Apologies for the delay since my last post. I was tied up in trial for part of last week, and recovering for the rest of it. I was so busy, in fact, that I almost missed this post from the Volokh Conspiracy about Newman v. Commonwealth, 2009 Va. App. LEXIS 360, 2009 WL 2431289 (Va. Ct. App. Aug. 11, 2009).

Newman deals with a “satirical” question presented. It’s as bad as it sounds. The actual question presented reads:

Is it a violation of the Establishment Clause of the First Amendment to the Constitution of the United States when the manufacturer of the equipment used to test breath in driving under the influence cases refuses to divulge to any state or Federal agency, to any court, to any defendant, to any prosecutor or to any trier of fact the information programmed into the equipment and which controls the operation of and the results obtained from the equipment[?] Is it a further violation of law that the Commonwealth requires the courts, the prosecution, the defense and the triers of fact to take on faith alone that the information programmed into these machines is correct?

Crickets. The appellant had to defend this QP before a panel consisting of Chief Judge Felton and Judges Frank and Petty. One gathers that the argument did not go well:

At oral argument, appellant’s counsel informed the Court that appellant’s “question presented” concerning the Establishment Clause of the First Amendment to the United States Constitution was “satirical” in nature. Rule 3.1 of the Rules of Pro-fessional Conduct states, “A lawyer shall not bring or defend a proceeding, or assert or controvert an issue therein, unless there is a basis for doing so that is not frivolous, which includes a good faith argument for an extension, modification or reversal of existing law.”

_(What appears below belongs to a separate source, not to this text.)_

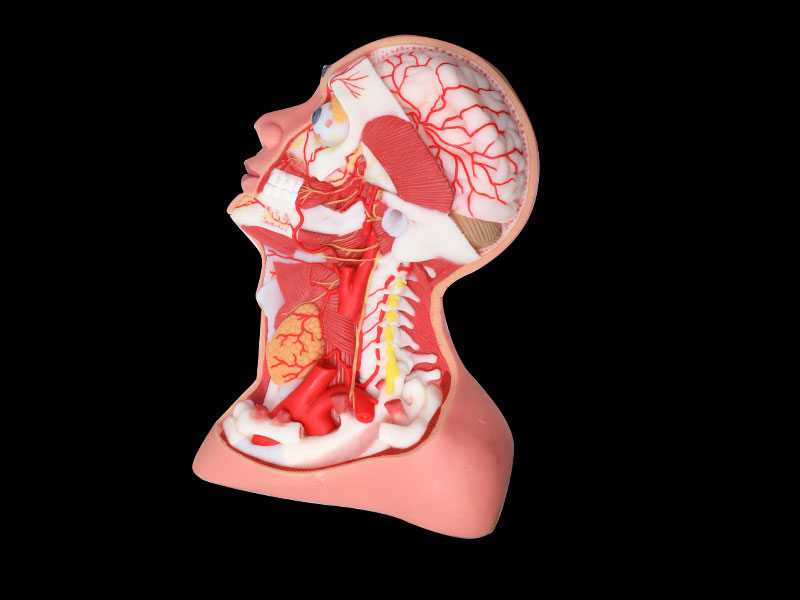 Deep Arteries And Nerves Of Head And Neck Silicone Anatomy Model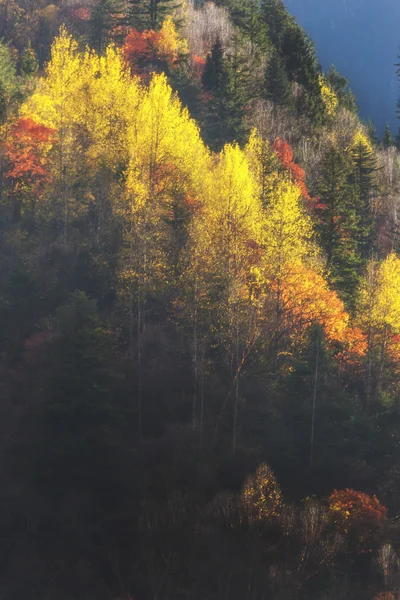 China, Sichuan xindu brug, Inagi Aden, herfst natuurschoon — Stockfoto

For good measure, the Court explains that because “appellant’s ‘questions presented,’ enumerated 1 through 5 in her opening brief and listed immediately below, fail to allege any trial court error, we will not consider them on appeal. See Rules 5A:12(c), 5A:20.”

And we’re still in the introduction. At least the opinion was unpublished.

A few lessons that we can draw from Newman:

  1. The question presented/assignment of error is the most important part of your brief. Treat it that way. You should spend more time on this than any other part of the brief, because it can win or lose the whole appeal. And your QP/AE absolutely must explain what the trial court did wrong. I’ve found two approaches helpful in making sure that it does so. One is to set up your QP/AE as a short (< 75 word) syllogism, with a major premise (legal rule), minor premise (key facts), and a conclusion. Another is to write your QP/AE as the topic sentence of the opinion that you would like to receive: “The trial court erred by x because y.”
  2. Lawyers are not funny. Really. We’re not even close. On the O’Keeffe scale of things that are terribly unfunny, lawyers fall somewhere between toxic mold and Norbit. And appeals are particularly serious. Newman, after all, was a criminal case, and one the defendant had lost below. Humor has no place whatsoever in an appellate brief or argument. Whenever I try to make this point, someone invariably brings up the story that Ted Olson said something funny in oral argument once. Two points in response. First, he’s Ted Olson. Second, here’s the joke he supposedly told: One of the justices prodded him to answer a question, saying something like, “It’s an easy question, counselor.” To which he responded: “I know, Your Honor. It’s the answer that’s difficult.” There it is: the high-water mark of appellate humor.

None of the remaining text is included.